Listed records Start Marker

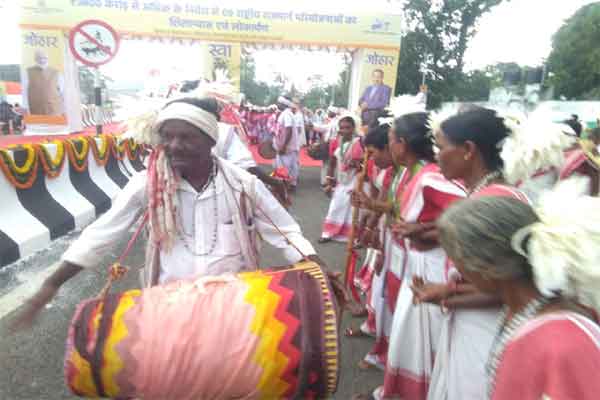 रातु रोड फ्लाईओवर उद्घाटन से पहले सांस्कृतिक रंग में रंगा इलाका, खूंटी टीम ने पेश किया पारंपरिक नृत्य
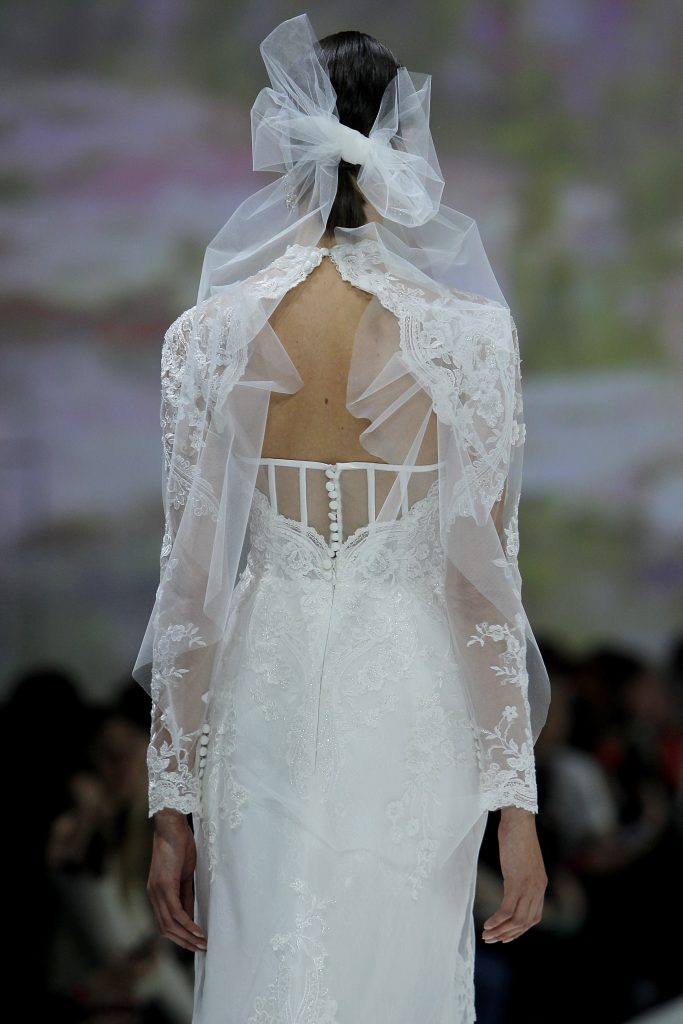 In questa immagine la modella indossa un abito da sposa della collezione di abiti da sposa Marchesa for Pronovias 2023  con ricami.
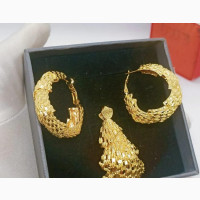 Stylish Earring and Pendant Set - Durable and Elegant
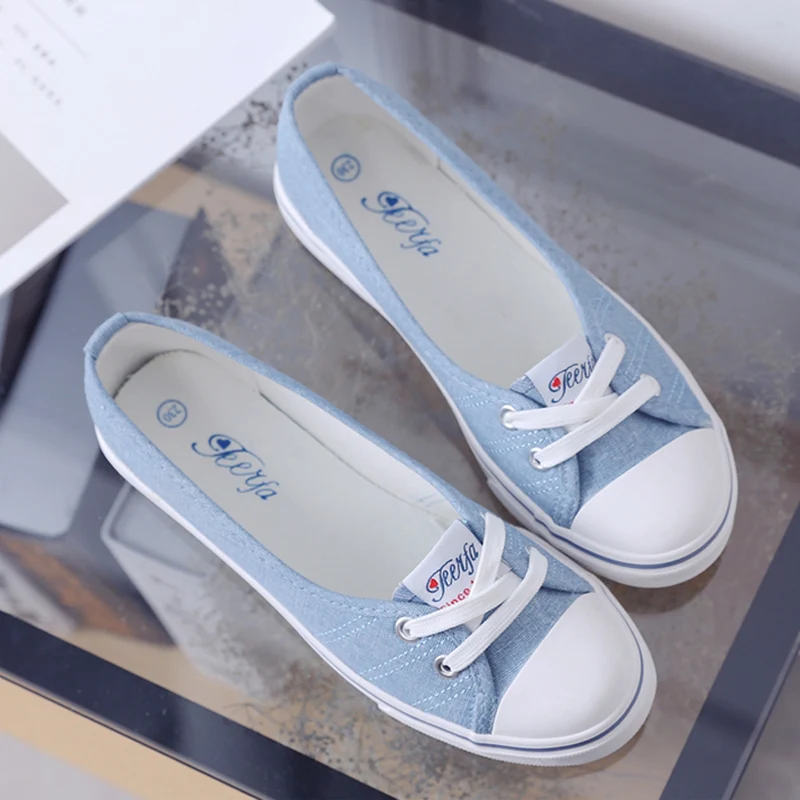 Women Fashion Sneakers Canvas Shoes Casual Loafers Woman Flats Boat Shoes Ladies Lace-up Female Vulcanize Shoes High Quality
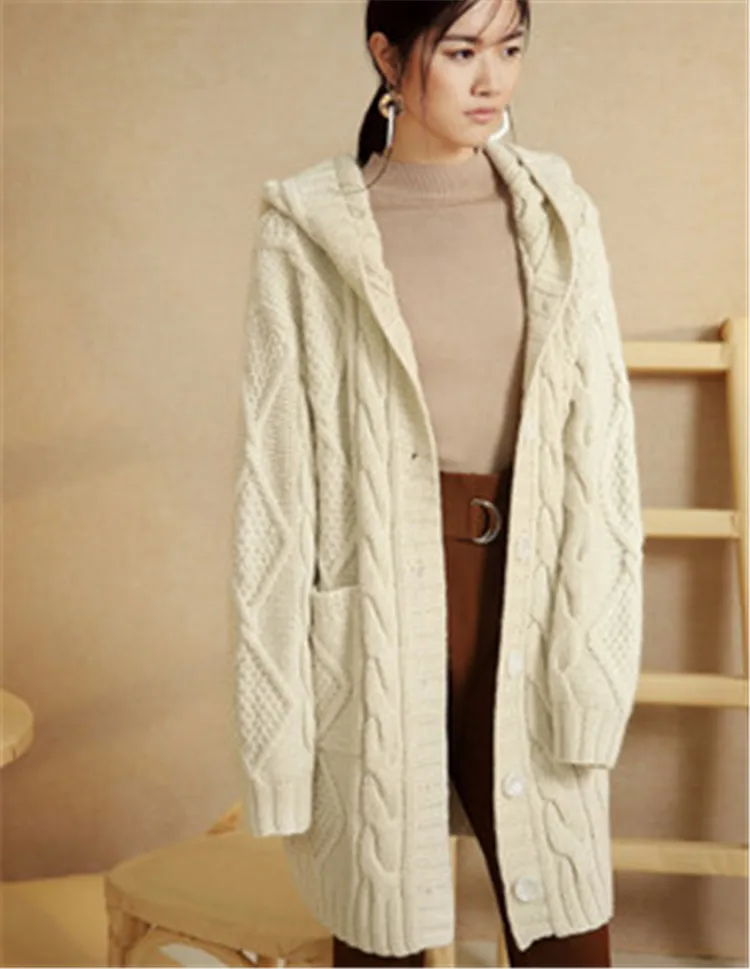 Женский однобортный длинный кардиган трикотажный однотонный ручной работы из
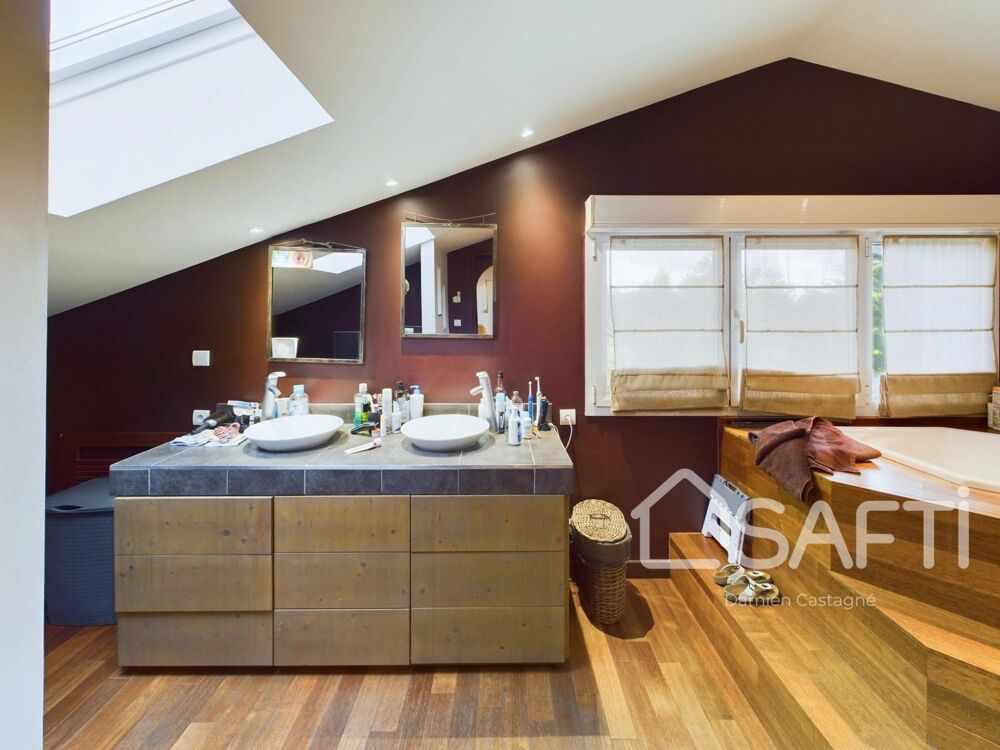  vendre  Maison Saint-Mdard-en-Jalles (33160)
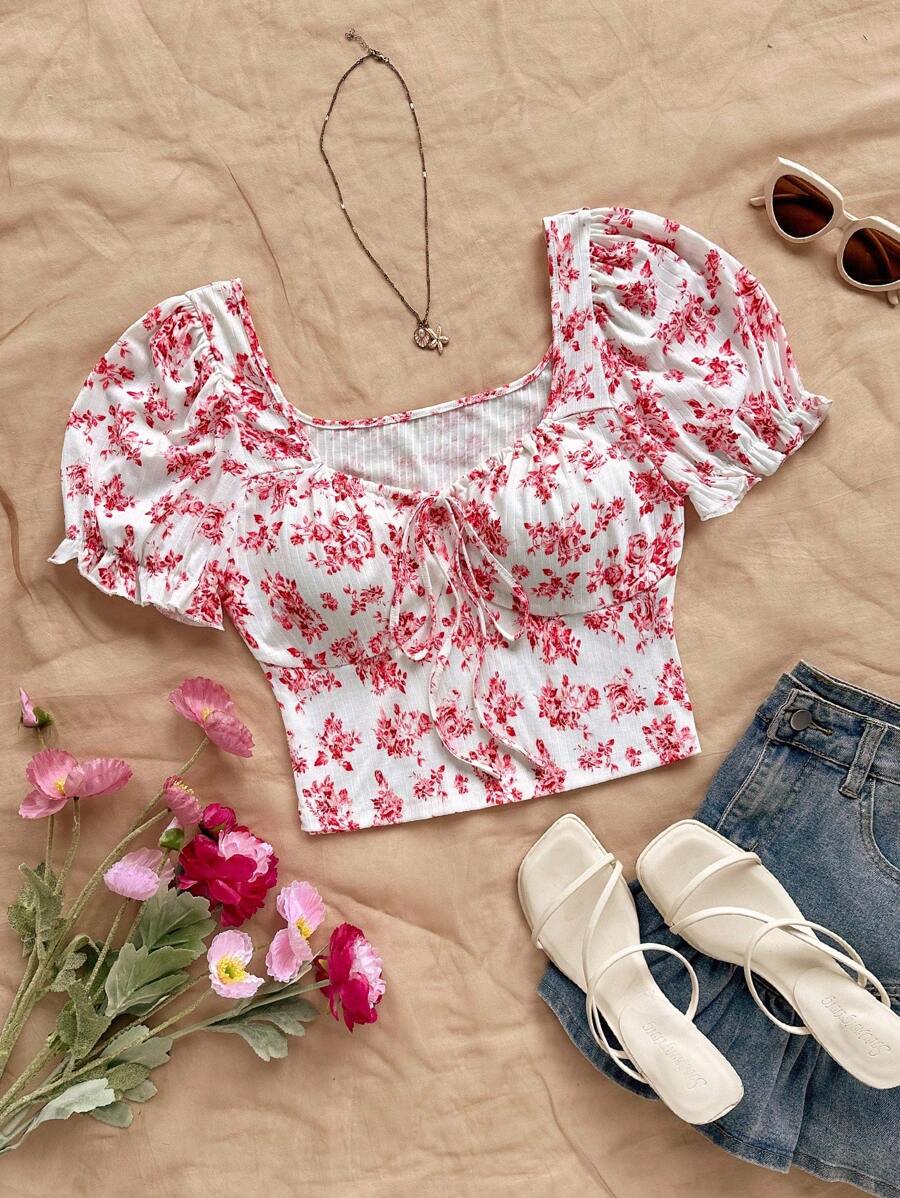 Soleia 大码女式浪漫花卉印花甜心领泡泡袖荷叶边系带上衣 - 彩色 - 查看 1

Listed records End Marker

*Work order*
All lines from the beginning of the material through the line that holds "Stylish Earring and", both included, should be returned exactly; please omit any pictures and add no other lines.

*Worked solution*
 रातु रोड फ्लाईओवर उद्घाटन से पहले सांस्कृतिक रंग में रंगा इलाका, खूंटी टीम ने पेश किया पारंपरिक नृत्य
 In questa immagine la modella indossa un abito da sposa della collezione di abiti da sposa Marchesa for Pronovias 2023  con ricami.
 Stylish Earring and Pendant Set - Durable and Elegant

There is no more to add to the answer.